The same tactic should have been used with China 20 years ago. Instead we played their "one-China-two-policy game". This lead to China discovering that they could manipulate their way towards the realization of their selfish goals.
I leave you with this:
Why did the US accept China's opening up in the 1980s so naively?
I would think the even the most panda-hugging Taiwanese entrepreneurs would remain vigilant of and competitive with China. My impression is that free trade means that all's fair in profit and marketshare. Taiwan must certainly be trying to aggressively take market share from China. Fairness is not a factor in this game.

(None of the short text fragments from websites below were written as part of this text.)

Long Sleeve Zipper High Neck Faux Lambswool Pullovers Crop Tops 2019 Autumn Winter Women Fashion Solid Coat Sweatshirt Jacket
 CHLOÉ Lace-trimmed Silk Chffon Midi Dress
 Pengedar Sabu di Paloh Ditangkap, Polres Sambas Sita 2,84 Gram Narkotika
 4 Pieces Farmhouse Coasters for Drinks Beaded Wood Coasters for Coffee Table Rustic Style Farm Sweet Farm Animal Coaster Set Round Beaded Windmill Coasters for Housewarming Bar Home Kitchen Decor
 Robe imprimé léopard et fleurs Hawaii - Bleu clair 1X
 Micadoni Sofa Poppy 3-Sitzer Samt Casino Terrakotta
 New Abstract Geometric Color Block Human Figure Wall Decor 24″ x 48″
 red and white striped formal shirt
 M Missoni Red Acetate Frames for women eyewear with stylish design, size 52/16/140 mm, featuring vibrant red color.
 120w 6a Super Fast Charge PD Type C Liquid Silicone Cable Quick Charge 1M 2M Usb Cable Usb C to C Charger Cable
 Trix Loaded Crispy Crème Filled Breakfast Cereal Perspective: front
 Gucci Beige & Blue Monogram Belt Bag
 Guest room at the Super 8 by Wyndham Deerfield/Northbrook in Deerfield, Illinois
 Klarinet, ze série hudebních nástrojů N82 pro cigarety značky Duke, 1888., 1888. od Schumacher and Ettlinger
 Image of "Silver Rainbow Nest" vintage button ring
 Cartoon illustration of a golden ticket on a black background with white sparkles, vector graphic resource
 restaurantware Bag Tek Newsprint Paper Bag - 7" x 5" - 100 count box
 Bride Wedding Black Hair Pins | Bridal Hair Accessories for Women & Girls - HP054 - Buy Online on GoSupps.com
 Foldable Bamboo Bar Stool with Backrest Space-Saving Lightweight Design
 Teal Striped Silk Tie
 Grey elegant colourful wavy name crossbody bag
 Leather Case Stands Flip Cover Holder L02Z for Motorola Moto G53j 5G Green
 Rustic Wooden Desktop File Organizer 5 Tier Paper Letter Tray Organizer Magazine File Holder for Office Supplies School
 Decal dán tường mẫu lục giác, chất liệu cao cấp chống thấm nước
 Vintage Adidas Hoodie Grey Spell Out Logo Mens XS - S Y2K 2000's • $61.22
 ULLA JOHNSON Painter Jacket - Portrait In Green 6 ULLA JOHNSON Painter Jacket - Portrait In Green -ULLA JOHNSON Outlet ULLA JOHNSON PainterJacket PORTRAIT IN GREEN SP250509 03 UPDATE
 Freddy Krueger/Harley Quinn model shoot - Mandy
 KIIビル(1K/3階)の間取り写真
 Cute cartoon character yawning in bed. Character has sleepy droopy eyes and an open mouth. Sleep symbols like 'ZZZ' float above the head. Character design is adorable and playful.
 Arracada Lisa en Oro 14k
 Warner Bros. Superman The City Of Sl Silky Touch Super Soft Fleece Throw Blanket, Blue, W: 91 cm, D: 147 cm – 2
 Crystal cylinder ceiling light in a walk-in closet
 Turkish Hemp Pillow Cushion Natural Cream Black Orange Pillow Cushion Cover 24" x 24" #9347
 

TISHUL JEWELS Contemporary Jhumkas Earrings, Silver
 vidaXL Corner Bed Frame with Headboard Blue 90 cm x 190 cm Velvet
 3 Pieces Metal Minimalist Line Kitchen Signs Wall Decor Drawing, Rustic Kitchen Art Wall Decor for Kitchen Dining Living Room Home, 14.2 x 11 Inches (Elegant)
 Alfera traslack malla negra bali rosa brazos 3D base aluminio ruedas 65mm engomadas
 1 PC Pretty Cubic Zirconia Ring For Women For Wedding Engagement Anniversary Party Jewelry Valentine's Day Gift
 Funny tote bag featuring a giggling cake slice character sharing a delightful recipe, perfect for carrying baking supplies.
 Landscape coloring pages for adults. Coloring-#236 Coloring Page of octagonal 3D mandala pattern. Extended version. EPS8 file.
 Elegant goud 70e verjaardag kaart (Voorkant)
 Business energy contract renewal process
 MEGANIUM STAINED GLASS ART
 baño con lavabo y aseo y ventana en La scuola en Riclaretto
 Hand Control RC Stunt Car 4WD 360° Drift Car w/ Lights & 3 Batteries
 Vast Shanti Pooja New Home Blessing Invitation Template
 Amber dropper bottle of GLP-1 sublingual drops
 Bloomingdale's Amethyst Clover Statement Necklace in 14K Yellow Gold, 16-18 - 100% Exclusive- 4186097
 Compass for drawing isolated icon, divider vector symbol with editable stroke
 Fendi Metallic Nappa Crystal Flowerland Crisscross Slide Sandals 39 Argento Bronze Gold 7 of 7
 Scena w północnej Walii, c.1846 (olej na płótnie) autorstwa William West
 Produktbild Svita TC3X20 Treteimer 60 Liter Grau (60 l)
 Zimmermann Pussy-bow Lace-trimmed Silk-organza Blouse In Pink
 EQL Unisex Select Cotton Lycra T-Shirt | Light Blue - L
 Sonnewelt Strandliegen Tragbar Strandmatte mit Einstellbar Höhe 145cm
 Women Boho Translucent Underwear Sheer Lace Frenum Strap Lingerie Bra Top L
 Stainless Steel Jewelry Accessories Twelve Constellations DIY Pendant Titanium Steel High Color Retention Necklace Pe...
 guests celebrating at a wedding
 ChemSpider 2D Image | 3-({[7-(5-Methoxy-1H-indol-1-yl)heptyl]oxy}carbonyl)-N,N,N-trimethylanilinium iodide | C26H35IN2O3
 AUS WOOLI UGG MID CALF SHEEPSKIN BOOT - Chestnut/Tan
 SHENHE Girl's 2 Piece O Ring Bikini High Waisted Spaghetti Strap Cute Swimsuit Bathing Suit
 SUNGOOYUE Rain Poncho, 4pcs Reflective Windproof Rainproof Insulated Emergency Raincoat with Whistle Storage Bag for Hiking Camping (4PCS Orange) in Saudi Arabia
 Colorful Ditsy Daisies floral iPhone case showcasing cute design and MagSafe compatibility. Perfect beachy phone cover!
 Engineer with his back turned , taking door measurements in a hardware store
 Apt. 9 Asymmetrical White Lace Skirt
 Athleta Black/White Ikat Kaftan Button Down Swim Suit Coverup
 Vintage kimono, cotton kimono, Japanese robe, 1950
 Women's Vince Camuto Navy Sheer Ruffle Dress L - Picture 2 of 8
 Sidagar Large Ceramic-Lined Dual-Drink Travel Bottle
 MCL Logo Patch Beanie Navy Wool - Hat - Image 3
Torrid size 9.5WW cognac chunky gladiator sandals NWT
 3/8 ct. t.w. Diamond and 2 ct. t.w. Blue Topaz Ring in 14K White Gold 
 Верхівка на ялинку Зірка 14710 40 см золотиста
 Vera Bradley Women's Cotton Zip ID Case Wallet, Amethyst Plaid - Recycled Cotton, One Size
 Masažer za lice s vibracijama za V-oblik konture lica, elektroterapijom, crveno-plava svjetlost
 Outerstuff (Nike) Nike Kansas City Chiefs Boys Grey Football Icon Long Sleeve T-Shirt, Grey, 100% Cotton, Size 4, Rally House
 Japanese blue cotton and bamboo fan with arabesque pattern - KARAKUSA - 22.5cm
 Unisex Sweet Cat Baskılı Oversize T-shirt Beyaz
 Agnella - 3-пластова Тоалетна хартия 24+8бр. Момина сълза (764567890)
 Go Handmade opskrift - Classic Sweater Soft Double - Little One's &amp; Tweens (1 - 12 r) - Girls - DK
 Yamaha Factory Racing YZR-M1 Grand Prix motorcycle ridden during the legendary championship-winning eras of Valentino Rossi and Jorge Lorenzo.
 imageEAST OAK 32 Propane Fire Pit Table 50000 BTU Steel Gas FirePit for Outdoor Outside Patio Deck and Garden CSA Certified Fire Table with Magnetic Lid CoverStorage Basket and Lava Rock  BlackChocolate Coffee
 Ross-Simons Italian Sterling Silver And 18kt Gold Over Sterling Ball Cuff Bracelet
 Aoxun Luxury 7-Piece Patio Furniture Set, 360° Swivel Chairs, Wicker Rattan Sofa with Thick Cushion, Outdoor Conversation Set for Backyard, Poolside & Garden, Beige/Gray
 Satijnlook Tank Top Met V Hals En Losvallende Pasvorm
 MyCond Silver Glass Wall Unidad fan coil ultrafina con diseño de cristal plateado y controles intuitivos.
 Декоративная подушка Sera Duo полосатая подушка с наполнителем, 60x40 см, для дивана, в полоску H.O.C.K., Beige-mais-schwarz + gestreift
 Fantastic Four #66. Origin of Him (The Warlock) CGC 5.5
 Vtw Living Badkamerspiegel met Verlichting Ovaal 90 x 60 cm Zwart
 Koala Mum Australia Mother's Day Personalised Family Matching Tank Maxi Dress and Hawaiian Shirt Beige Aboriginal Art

So what do you suggest? Everyone put their heads in the sand and pretend China isn't there? Hope they go away?
China, just like many other powerful countries, does this as a standard economic practice. Ignoring them won't make them go away, it'll just mean that other countries benefit while Taiwan lags behind.
Taiwan is probably the one country that is most likely to benefit from an FTA with China, due in part to the shared history, culture and so forth. TW will surely be better off than US, EU countries, ASEAN etc. in economic deals made with China.
An example of how China's diplomatic offensive harms Taiwan - yes. An example of how closer economic relations between Taiwan and the Mainland, which have steadily been growing closer since the early nineties no matter who has been in power, serve to harm Taiwan? No, not even slightly. In fact it would allow a government that was so minded to engage in retaliations - the withholding of investment and tech-transfers, imposing of tariffs on imports etc. Add to this the possibility that closer ties will allow the repatriation of at least some of the capital which flowed from Taiwan to the Mainland through back-channels, and closer ties - with suitable checks and guarantees - have definite benefits.
A couple things erk me about this whole thing.
1. That the people in the Taiwanese government are dumb enough to allow Pres. Ma to continue subverting Taiwan's future so that there is not choice be to surrender to PRC and accept the life sucking oppressive regime that is going to be put into place afterwards. Beijing keeps saying if Taiwan returns to China then we can work a deal for them to become an SAR like Hong Kong, Macau, but some how that just doesn't sound like it is in the best interests of Taiwan either because at this stage Beijing can dictate anything that they want Taiwan to do and they have to do it. Since it was a decision of the people of Taiwan and not forcefully done by military power there is nothing that any of Taiwan's allies can do to help them. Democratic process and all.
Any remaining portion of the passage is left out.